> **Assignment**
Apart from the pictures, every line below is to be set down exactly.

> **Dataset extract**
-------
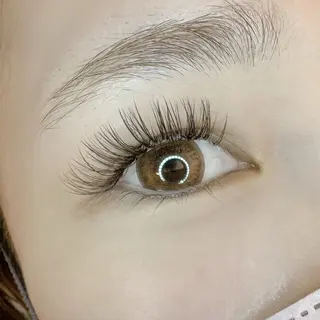 マツエク・マツパ MELIAnail&eyelash所属・角屋 ひとみのマツエク・マツパデザイン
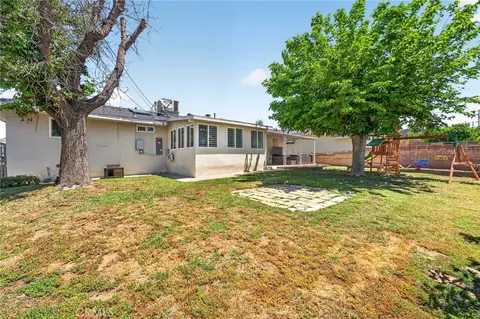 Exterior - 35543 Mountain View St, Yucaipa, CA 92399 photo 2 of 6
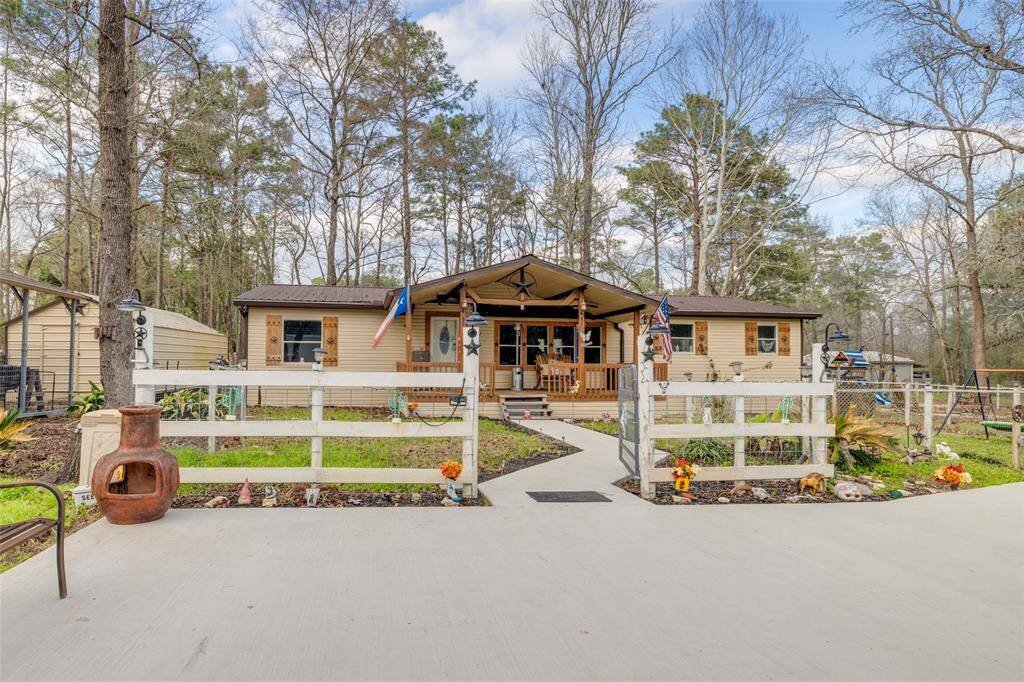 Welcome home to 24920 Joseph Rd!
-------
> **Response to the task**
 マツエク・マツパ MELIAnail&eyelash所属・角屋 ひとみのマツエク・マツパデザイン
 Exterior - 35543 Mountain View St, Yucaipa, CA 92399 photo 2 of 6
 Welcome home to 24920 Joseph Rd!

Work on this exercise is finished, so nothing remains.